Postby edfrank » Sun Mar 04, 2012 12:29 pm

Elijah,

It is always nice to have someone or something in a photograph next to the tree for scale, but it isn't always practical.  I usually carry a tripod and use the self timer if I can.  That doesn't always work out so well either.  I have a photo in my Allegheny River report of a large butternut taken by Dale Luthringer.  In the original photo you can see a bit of Dale's foot as he tumbled head over heels running to get into the photo through the heavy grass.

As for the question of double or single trunk, there will be arguments between experienced measurers about whether a particular tree is a double or a single.  Many old doubles have grown together so that the trunk is regular in form and on the face of everything no longer appear to be doubles.  The opposite situation s where there is a large low protruding branch.  If the tree and branch grow large enough, the low branch appears to look much like a second trunk.  When faced by wind and weather it is possible that these may  split along the attachment line to look as if they are two trunks.  In many cases there is sufficient doubt that the only way to know for sure would be to cut the tree down at ground level and see what the cross section shows.

The posts I am sure were encourage you to think  about the double versus single question while in the field looking at the tree itself.  While there you can walk around it, see it from all angles, and get a better idea of whether is is a double or single than people can tell from the photographs.  If I were to guess based on the photo alone, I would say likely a double, but that does not replace what you saw in the field.  You were there, so it is your call.  
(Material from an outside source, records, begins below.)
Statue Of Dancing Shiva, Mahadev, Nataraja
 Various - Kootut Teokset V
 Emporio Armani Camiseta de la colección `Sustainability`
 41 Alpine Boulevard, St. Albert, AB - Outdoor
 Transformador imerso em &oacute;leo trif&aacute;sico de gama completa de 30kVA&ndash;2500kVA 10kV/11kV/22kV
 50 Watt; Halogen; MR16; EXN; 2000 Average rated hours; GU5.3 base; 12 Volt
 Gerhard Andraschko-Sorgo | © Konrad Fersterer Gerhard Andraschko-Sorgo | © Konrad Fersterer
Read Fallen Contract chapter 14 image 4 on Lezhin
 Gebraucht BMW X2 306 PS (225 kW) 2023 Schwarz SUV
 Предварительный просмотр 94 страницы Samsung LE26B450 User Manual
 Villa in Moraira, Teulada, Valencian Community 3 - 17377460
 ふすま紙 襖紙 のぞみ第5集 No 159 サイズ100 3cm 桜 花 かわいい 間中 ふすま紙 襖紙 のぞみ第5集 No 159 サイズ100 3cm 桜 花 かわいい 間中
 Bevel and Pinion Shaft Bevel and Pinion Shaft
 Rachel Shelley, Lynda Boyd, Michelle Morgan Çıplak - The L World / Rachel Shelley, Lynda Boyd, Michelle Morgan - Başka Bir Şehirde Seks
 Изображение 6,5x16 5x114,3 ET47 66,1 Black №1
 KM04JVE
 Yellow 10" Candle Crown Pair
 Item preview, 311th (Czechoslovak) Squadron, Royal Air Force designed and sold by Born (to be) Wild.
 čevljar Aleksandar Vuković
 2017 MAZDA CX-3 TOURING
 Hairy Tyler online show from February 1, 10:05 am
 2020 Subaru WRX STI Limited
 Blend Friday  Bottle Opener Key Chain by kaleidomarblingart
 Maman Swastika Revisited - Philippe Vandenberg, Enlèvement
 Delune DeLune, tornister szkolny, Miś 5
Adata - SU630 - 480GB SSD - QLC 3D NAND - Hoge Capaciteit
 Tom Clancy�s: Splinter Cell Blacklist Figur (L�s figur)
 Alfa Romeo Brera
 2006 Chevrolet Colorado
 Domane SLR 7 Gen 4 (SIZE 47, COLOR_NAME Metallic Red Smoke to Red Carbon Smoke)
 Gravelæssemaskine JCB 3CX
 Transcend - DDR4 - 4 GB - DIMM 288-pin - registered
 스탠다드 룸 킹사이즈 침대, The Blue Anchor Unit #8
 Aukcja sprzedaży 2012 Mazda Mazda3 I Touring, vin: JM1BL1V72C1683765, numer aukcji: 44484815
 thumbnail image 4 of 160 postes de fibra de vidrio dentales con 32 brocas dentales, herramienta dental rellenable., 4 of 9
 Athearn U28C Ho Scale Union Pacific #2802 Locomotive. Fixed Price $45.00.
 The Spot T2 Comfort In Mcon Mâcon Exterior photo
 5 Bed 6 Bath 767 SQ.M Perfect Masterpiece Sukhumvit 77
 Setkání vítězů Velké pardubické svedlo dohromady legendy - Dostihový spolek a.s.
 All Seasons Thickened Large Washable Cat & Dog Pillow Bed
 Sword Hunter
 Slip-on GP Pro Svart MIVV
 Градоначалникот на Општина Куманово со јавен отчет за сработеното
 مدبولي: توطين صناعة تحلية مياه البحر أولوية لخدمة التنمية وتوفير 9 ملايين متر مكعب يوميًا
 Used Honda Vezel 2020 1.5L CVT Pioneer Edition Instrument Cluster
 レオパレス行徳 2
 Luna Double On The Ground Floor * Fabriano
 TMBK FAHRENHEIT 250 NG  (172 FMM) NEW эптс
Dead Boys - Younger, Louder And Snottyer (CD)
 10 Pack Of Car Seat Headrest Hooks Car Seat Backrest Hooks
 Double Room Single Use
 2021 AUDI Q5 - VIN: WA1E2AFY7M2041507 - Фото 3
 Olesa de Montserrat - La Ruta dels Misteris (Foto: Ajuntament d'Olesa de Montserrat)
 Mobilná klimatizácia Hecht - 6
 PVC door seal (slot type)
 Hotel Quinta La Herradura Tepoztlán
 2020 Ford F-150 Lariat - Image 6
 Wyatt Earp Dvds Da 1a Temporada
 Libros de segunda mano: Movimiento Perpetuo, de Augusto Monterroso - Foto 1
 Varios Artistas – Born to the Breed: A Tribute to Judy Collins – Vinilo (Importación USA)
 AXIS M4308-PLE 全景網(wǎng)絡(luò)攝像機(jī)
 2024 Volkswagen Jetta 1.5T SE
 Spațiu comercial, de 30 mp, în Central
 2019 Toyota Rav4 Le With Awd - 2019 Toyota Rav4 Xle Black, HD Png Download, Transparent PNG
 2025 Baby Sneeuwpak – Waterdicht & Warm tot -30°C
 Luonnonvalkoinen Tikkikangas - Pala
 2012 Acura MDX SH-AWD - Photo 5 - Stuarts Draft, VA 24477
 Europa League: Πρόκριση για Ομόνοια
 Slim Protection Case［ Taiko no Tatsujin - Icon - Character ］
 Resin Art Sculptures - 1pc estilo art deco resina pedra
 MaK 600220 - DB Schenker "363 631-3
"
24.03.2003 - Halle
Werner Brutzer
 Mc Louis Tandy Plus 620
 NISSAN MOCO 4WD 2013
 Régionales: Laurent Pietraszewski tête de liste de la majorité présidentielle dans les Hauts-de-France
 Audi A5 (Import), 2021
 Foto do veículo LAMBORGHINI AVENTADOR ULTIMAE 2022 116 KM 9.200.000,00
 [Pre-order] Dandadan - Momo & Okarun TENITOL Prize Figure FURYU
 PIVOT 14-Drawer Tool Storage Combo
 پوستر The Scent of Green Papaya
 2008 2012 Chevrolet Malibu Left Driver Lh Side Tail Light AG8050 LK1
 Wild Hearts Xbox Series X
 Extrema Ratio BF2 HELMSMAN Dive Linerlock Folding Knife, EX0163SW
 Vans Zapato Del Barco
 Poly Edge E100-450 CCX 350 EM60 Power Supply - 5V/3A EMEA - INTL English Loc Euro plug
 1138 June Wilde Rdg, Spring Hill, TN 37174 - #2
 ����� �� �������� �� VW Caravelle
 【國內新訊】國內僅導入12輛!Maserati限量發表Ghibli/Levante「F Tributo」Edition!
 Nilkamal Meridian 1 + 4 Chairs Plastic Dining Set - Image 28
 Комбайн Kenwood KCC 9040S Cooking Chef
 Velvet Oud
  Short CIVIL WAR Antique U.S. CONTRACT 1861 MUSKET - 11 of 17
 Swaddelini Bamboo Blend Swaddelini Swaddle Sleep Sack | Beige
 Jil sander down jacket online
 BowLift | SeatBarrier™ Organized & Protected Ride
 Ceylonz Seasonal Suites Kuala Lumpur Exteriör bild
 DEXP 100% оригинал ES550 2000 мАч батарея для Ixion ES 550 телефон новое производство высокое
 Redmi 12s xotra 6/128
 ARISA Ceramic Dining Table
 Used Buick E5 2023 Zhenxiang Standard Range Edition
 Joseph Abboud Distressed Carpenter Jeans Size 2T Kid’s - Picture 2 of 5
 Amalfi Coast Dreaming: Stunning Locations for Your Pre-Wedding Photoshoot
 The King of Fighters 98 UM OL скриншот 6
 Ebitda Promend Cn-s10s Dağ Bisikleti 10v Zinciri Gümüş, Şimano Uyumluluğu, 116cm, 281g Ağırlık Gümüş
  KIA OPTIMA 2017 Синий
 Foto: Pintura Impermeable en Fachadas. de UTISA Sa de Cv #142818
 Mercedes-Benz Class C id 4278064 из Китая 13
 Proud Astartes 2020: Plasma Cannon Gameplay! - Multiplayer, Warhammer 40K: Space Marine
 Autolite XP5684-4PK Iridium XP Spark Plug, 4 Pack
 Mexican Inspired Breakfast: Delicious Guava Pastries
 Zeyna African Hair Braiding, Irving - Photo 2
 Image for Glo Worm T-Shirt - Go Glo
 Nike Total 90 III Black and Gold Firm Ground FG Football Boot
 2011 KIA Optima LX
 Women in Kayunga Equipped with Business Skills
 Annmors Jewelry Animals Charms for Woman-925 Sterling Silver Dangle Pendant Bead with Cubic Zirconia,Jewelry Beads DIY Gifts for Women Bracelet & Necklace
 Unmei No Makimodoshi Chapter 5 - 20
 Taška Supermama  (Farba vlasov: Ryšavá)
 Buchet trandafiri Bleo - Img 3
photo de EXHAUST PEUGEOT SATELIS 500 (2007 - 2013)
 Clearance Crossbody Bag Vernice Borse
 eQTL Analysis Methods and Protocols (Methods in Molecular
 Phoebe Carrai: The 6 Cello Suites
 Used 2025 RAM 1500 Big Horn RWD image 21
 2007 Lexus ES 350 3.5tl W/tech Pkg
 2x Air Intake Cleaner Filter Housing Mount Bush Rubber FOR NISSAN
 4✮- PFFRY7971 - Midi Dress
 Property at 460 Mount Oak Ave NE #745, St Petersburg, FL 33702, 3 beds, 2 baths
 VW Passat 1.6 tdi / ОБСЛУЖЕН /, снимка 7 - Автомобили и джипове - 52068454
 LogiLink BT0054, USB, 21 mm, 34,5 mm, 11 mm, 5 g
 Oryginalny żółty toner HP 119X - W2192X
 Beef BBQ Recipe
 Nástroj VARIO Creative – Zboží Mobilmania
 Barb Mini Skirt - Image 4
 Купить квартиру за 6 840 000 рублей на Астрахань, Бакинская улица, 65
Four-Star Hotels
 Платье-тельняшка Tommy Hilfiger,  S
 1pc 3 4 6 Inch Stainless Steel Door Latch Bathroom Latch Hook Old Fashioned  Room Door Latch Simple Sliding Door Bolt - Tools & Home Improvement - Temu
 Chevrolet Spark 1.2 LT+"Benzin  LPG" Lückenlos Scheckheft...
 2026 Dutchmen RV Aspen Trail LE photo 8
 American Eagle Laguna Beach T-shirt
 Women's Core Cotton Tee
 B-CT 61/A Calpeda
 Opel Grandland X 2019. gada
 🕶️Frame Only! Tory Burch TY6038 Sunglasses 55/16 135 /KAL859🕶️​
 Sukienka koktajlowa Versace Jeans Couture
Some people consider it being conservative to consider something a double if they can't tell for sure otherwise.  I think this corrupts the data set more so than an occasional misclassified tree.  You should make your observations in the field, and then go with your best guess as to whether the tree is a single or double, and report that.  Field inspection trumps photos except in the most egregious examples.  This is not to say that someone else who goes out and looks at the tree will reach the same conclusion, but we hope so.  Try to build in your mind characteristics that might distinguish singles from double or multitrunk trees, and apply these mental lists to what you are looking at.  Keep up the good work, and keep reporting.